What forms of social media were most important to you when you were first diagnosed?
“That depends how tightly you define social media. To me, it includes any media that connect me with others, sometimes including email. In my case five years ago, all the information I got came from ACOR's [Association of Cancer Online Resources] kidney cancer listserv. But I also used CaringBridge.org as a social support network.”
You say you are a proselytizer for patient engagement. What forms of social media have been most important to you in promoting the e-patient movement?
“Proselytizing involves reaching people who haven't been reached and spreading ideas that they haven't seen yet. Blogging is the way to lay out ideas and lines of thinking for others to read. Blog posts are persistent, so you can link to them far into the future.
“Twitter has by far the greatest reach, velocity, and virality. Social media wizard Jon Lebkowsky (@jonl) taught me in 2009 that Twitter is great for finding and getting found, and boy was he right! On April 21, 2009, I had 900 followers; four months later, I had 1,750; and I'm now closing in on 12,000—and 1,000 people have me on their Twitter ‘lists.’
“A lot of people also use Facebook, but for me it doesn't spread things much. Health care activism seems most active on Twitter. So I write about something on the blog, and then I tweet about it.”

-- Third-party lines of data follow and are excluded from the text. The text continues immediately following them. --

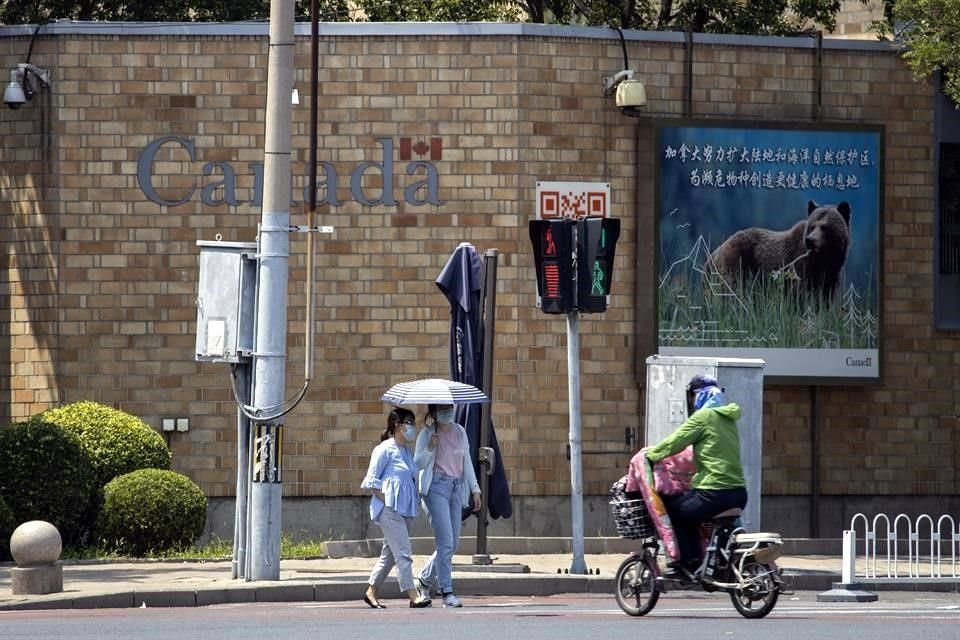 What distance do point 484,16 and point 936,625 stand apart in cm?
1443

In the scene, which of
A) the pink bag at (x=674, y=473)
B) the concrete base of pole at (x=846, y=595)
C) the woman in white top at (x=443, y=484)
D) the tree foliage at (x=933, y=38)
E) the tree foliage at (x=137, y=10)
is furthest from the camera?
the tree foliage at (x=137, y=10)

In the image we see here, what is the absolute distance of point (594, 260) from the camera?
697 inches

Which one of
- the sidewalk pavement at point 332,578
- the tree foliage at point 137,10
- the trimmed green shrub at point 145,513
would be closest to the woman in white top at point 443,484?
the sidewalk pavement at point 332,578

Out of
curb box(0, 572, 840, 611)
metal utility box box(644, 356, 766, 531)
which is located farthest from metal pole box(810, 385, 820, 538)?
curb box(0, 572, 840, 611)

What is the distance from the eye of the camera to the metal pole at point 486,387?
18219 millimetres

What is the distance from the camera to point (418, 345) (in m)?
21.4

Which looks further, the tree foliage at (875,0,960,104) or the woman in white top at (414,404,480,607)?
the tree foliage at (875,0,960,104)

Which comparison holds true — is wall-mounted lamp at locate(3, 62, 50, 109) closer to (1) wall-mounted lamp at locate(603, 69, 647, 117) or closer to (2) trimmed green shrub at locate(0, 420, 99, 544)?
(2) trimmed green shrub at locate(0, 420, 99, 544)

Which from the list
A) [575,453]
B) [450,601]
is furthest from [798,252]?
[450,601]

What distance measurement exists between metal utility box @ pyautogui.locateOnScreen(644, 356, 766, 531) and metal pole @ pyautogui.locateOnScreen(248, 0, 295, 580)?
411cm

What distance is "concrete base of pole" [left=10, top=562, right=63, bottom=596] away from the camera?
15312 millimetres

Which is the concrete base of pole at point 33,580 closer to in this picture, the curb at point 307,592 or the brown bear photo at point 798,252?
the curb at point 307,592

Who are your favorite social health “superheroes”?
“Oh, gosh, that's a long, long list. @DanaMLewis started “tweetchats,” which have become one of the best uses of Twitter, in or out of health care. She's now at Swedish Medical Center in Seattle. There are many docs who are exemplary on Twitter: @SeattleMamaDoc, @MacObGyn, @HJLuks, @JackWestMD, @Berci (a Hungarian who created the great www.ScienceRoll.com blog and www.Webicina.com site), @DrDannySands (my primary care doctor), @ScanMan, a radiologist in India, and many many more.

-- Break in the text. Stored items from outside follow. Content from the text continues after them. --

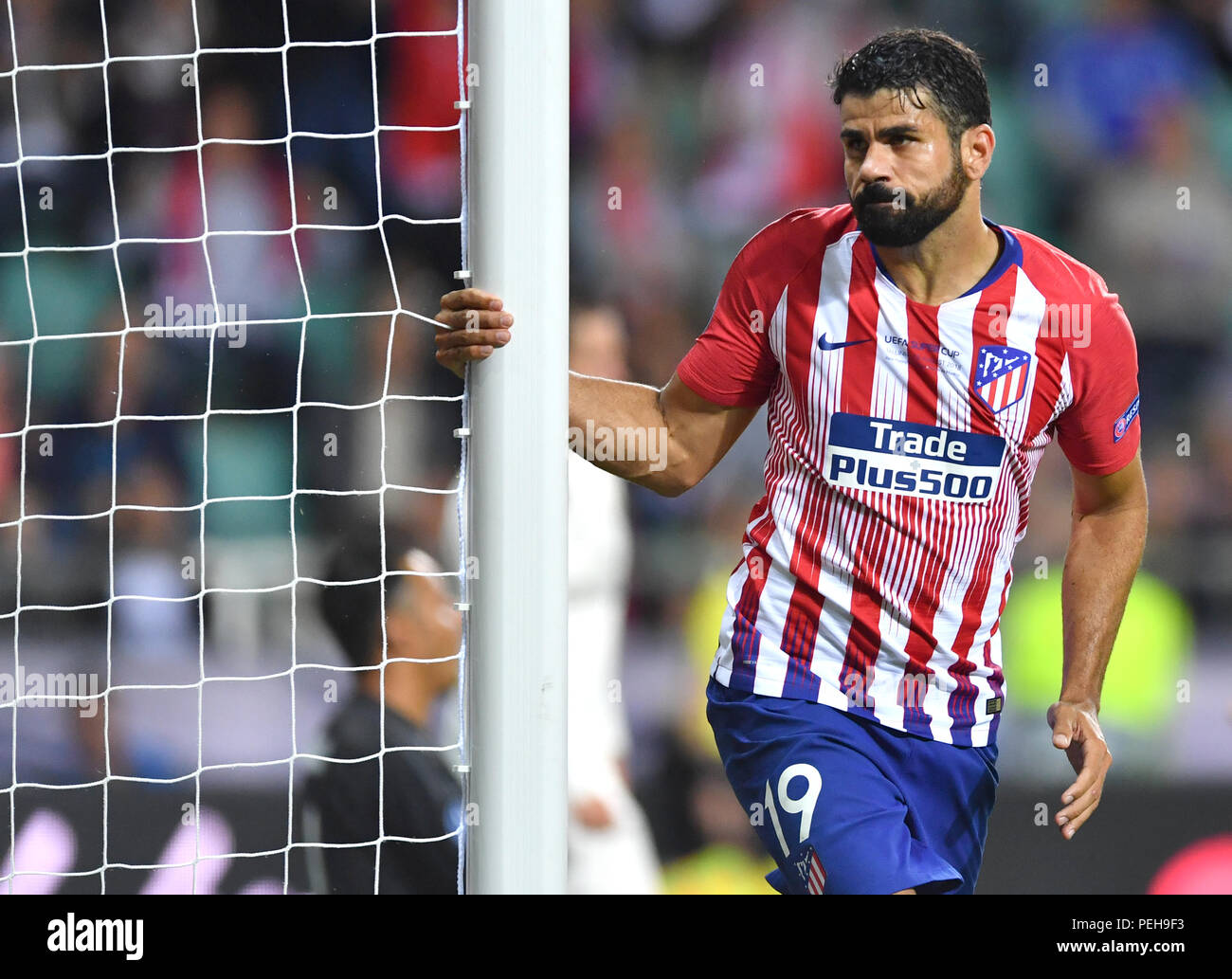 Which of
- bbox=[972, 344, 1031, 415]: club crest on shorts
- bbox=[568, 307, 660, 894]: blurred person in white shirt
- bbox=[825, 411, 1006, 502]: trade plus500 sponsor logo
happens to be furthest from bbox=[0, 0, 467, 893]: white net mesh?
bbox=[972, 344, 1031, 415]: club crest on shorts

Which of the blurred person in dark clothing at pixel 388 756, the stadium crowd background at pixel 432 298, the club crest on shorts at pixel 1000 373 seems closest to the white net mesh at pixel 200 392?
the stadium crowd background at pixel 432 298

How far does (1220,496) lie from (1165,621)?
630mm

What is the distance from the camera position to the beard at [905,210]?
2.10 metres

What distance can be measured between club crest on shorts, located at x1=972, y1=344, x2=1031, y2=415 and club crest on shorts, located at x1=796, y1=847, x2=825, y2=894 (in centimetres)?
71

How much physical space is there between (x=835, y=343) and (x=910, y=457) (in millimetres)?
208

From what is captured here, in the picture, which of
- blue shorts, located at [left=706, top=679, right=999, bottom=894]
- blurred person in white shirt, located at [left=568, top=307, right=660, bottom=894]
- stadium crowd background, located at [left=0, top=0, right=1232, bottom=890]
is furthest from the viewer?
stadium crowd background, located at [left=0, top=0, right=1232, bottom=890]

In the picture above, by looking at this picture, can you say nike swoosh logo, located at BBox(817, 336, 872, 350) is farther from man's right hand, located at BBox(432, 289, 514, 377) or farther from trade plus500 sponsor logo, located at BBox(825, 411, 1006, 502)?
man's right hand, located at BBox(432, 289, 514, 377)

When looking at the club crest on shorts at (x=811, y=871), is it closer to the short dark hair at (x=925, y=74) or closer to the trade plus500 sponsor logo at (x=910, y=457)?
the trade plus500 sponsor logo at (x=910, y=457)

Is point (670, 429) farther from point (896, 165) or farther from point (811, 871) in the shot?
point (811, 871)

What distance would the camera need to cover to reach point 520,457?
6.12 ft

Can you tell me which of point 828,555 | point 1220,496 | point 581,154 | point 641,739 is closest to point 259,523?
point 641,739

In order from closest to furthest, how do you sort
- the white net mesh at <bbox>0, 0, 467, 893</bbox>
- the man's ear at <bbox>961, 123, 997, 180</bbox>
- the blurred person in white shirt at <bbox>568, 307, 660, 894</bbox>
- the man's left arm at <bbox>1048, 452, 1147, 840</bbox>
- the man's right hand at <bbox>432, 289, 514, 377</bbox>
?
the man's right hand at <bbox>432, 289, 514, 377</bbox>
the man's ear at <bbox>961, 123, 997, 180</bbox>
the man's left arm at <bbox>1048, 452, 1147, 840</bbox>
the blurred person in white shirt at <bbox>568, 307, 660, 894</bbox>
the white net mesh at <bbox>0, 0, 467, 893</bbox>

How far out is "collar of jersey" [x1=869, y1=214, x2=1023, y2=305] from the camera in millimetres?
2209

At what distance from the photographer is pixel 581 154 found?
5258mm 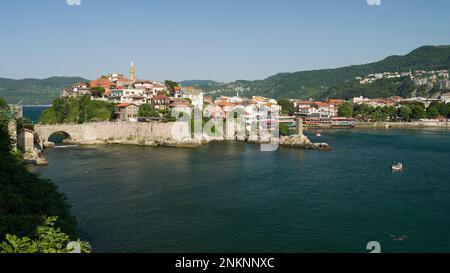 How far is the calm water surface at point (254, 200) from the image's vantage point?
26.9 feet

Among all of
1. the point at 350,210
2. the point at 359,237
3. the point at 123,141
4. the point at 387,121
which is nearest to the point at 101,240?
the point at 359,237

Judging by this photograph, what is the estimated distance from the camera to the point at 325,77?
335ft

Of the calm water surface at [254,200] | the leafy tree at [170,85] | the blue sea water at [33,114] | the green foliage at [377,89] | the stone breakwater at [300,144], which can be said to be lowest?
the calm water surface at [254,200]

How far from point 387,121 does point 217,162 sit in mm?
29071

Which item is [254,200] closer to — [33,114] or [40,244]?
[40,244]

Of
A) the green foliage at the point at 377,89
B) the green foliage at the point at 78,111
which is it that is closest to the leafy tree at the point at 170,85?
the green foliage at the point at 78,111

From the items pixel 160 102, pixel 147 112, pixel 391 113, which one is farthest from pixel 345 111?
pixel 147 112

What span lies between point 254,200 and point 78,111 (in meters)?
19.6

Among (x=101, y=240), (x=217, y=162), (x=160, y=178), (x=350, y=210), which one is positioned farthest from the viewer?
(x=217, y=162)

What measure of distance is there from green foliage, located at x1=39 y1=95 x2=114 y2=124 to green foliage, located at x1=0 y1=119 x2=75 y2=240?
18.5 m

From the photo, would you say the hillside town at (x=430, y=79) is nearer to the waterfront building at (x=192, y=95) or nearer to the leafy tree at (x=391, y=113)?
the leafy tree at (x=391, y=113)

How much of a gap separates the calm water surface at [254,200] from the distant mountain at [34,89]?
61169mm

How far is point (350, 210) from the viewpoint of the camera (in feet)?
33.6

“Also, @LeeAase (“azey”) heads up the Mayo Clinic's Center for Social Media, which is clearly the best way to learn about social media in health care.”
Your TedX talk, “Let Patients Help” (http://bit.ly/T45XtT) is in the top half of “most watched” TED talks. How can social media most effectively be used to “let patients help”?
“First, I'm not sure that ‘let patients help’ is an end in itself. The goal, of course, is good health, and good care is a means toward that end. My ‘let patients help’ mantra is intended to pop the illusion that patients are impotent and cannot bring value to health care.
“Having said that, clinicians can use social media to listen, learn, and lead. By that I mean, they can listen to what's being said by patients, other clinicians, and anyone else who might educate or inform them. That means they can learn things they might not have otherwise known. And they can lead by adding to the conversation when they publish things that are not already in the stream.
“@SeattleMamaDoc tells us that clinicians should know what's being discussed in social media, and where there's crap being flung, doctors should balance it with quality. For example, she counteracted Jenny McCarthy's vaccine wackos with YouTube mini-lectures of her own.”
How can oncologists use social media to support and encourage the e-patient movement?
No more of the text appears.